Starting with the October issues of food magazines (which begin to show up in early September), certain kinds of recipes are almost guaranteed to be repeated each year and in every periodical. You can’t swing a dead squash vine without hitting a recipe for roasted turkey, butternut squash soup, or roasted vegetables.

If you take the time to compare several recipes for, say roasted vegetables, (this is the kind of thing I do for fun) you can see that they are variations on a theme. You could quite simply start with one basic recipe and add to it according to your taste or the availability of ingredients. I start with the roots, tubers and winter squashes that begin to pile up around here this time of year. I particularly like carrots, potatoes, parsnips, rutabagas, butternut squash (it is easier to peel than other squashes), radishes (trust me on this one; they’re fantastic!), and even beets. Yes, I said it. Beets. I’m coming to like them in my roasted vegetable medleys, but don’t tell anyone.
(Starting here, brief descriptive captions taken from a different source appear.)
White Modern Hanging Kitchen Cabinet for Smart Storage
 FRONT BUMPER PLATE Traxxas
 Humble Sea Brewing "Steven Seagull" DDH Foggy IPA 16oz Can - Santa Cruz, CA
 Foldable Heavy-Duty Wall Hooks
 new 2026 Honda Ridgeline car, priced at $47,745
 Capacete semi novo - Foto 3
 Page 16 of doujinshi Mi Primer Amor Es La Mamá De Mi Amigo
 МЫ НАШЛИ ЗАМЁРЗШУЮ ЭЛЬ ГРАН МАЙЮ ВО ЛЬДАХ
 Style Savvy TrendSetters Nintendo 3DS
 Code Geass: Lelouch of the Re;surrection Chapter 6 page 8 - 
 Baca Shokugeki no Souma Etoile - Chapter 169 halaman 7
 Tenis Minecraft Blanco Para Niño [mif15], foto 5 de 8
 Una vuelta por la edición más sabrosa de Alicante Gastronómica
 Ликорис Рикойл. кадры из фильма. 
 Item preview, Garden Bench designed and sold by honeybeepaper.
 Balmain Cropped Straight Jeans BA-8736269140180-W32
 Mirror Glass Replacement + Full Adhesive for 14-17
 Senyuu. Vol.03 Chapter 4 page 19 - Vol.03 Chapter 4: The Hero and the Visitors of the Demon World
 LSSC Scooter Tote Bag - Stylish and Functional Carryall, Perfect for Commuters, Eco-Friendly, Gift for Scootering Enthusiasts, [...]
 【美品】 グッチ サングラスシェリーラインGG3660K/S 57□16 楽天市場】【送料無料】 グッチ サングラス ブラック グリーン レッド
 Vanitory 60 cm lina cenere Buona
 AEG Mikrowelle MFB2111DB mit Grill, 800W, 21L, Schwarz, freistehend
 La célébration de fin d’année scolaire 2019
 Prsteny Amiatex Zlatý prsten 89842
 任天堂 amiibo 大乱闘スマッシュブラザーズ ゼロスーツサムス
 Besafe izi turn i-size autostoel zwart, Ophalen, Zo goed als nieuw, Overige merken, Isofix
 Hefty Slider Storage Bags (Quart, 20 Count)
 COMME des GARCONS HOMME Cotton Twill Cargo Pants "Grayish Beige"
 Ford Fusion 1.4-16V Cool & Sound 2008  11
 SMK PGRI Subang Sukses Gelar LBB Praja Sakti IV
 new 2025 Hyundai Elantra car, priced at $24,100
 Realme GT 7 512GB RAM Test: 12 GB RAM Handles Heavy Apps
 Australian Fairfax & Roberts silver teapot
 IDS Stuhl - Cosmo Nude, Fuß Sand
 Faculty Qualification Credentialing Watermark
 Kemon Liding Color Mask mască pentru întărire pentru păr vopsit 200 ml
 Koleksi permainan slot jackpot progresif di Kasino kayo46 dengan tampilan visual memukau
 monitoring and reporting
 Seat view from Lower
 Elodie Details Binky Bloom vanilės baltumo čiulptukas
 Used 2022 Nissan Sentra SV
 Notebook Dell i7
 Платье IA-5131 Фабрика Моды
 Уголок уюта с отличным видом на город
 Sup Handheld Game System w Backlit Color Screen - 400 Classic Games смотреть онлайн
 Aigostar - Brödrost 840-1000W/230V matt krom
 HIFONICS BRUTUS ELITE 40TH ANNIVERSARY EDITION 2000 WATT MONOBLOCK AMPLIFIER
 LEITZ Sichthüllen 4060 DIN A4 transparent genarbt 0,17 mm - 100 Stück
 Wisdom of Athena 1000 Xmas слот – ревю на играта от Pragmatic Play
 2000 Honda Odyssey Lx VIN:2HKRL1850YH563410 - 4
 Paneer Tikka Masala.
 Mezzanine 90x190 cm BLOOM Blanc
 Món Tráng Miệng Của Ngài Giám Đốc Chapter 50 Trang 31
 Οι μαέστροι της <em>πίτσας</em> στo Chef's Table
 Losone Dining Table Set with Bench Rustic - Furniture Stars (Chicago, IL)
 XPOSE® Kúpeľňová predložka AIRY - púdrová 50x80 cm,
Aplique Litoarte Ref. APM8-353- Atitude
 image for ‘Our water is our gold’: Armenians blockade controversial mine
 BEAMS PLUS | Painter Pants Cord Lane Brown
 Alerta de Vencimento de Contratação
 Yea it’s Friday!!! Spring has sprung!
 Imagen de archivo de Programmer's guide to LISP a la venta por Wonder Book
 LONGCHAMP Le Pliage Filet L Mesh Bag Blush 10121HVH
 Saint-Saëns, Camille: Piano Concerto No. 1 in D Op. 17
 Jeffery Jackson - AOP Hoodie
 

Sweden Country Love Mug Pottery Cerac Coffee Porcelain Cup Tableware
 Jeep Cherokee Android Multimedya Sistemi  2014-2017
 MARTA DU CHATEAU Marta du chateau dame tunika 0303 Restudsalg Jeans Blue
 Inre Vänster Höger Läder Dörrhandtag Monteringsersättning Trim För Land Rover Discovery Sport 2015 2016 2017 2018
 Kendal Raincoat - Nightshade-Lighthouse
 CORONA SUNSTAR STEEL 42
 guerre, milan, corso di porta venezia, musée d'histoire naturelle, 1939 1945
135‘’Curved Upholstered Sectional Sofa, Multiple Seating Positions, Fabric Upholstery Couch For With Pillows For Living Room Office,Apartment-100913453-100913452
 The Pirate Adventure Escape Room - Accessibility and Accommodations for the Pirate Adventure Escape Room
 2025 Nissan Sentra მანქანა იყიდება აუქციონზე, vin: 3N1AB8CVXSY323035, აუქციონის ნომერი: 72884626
It’ll ruin my reputation as a life-long beetroot-hater.

Most of these vegetables have quite a bit of sweetness to them that rises to the surface and caramelizes in a hot oven. They have their own brilliant flavors that need little or no enhancement. I simply sprinkle them with plenty of salt and pepper, drizzle them liberally with olive oil and subject them to a hot oven until they have been sufficiently bent to my will. I like when they are quite tender all the way through, but especially crispy and brown on the outside with that tangy, slightly bitter flavor of almost burnt sugar about them.

Roasting vegetables is really easy (the most difficult part is cutting and peeling hard veggies like squash), and largely hands-off. I don’t even really use a recipe, so, what I’ve written below is really just a guideline and a method. You could also roast broccoli and cauliflower or add onions and garlic cloves to your medley. If you do roast broccoli or cauliflower, expect it to take less time than harder root vegetables and squash. You could also add herbs or spices to your roasted vegetables, but they tend to burn quickly and lose their flavor or develop unpleasant flavors. I would recommend adding such seasonings after or near the end of roasting.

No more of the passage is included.